From this Disceding of the heat in Glass drops, that is, by the quenching or cooling Irradiations propagated from the Surface upwards and inwards, by the lines CT, CT, DT, DE, &c. the bubbles in the drop have room to expand themselves a little, and the parts of the Glass contract themselves; but this operation being too quick for the sluggish parts of the Glass, the contraction is performed very unequally and irregularly, and thereby the Particles of the Glass are bent, some one way, and some another, yet so as that most of them draw towards the Pith or middle TEEE, or rather from that outward: so that they cannot extricate or unbend themselves, till some part of TEEE be broken and loosened, for all the parts about that are placed in the manner of an Arch, and so till their hold at TEEE be loosened they cannot fly asunder, but uphold, and shelter, and fix each other much like the stones in a Vault, where each stone does concurre to the stability of the whole Fabrick, and no one stone can be taken away but the whole Arch falls. And wheresoever any of those radiating wedges DTD, &c. are removed, which are the component parts of this Arch, the whole Fabrick presently falls to pieces; for all the Springs of the several parts are set at liberty, which immediately extricate themselves and fly asunder every way; each part by its spring contributing to the darting of it self and some other contiguous part. But if this drop be heat so hot as that the parts by degrees can unbend themselves, and be settled and annealed in that posture, and be then suffered gently to subside and cool; The parts by this nealing losing their springiness, constitute a drop of a more soft but less brittle texture, and the parts being not at all under a flexure, though any part of the middle or Pith TEEE be broken, yet will not the drop at all fly to pieces as before.

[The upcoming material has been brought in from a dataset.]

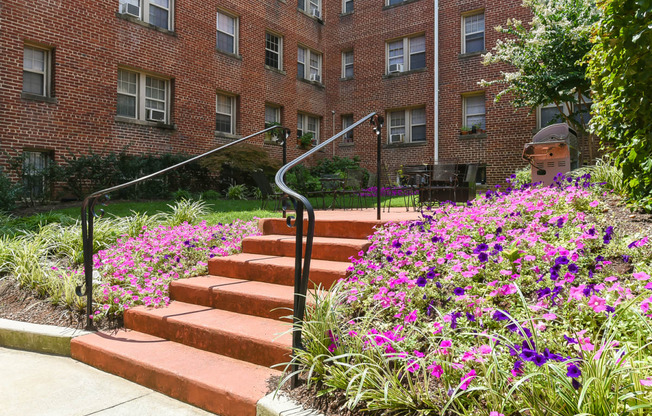 courtyard with table, chairs, grilling area and lush landscaping at meridian park apartments in washington dc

This Conjecture of mine I shall indeavour to make out by explaining each particular Assertion with analogous Experiments: The Assertions are there.
First, That the parts of the Glass, whilst in a fluid Consistence and hot, are more rarified, or take up more room, then when hard and cold.

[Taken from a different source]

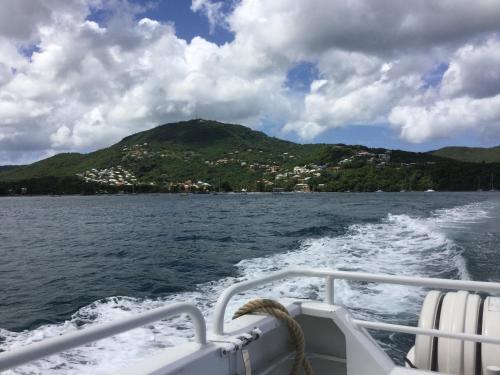 a boat on the water with a mountain in the background at DOUC IRMA in Les Trois-Îlets
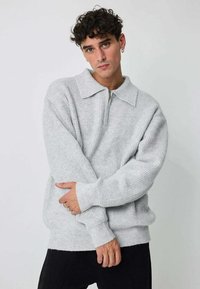 Pull-over tricoté gris clair avec col et demi-fermeture éclair. Manches longues et poignets côtelés. Motif texturé sur l'ensemble.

Secondly, That the parts of the drop do suffer a twofold contraction.
Thirdly, That the dropping or quenching the glowing metal in the Water makes it of a hard, springing, and rarified texture.
Fourthly, That there is a flexion or force remaining upon the parts of the Glass thus quenched, from which they indeavour to extricate themselves.
Fifthly, That the Fabrick of the drop, that is able to hinder the parts from extricating themselves, is analogus to that of an Arch.
Sixthly, That the sudden flying asunder of the parts proceeds from their springiness.
Seventhly, That a gradual heating and cooling does anneal or reduce the parts of Glass to a texture that is more loose, and easilier to be broken, but not so brittle.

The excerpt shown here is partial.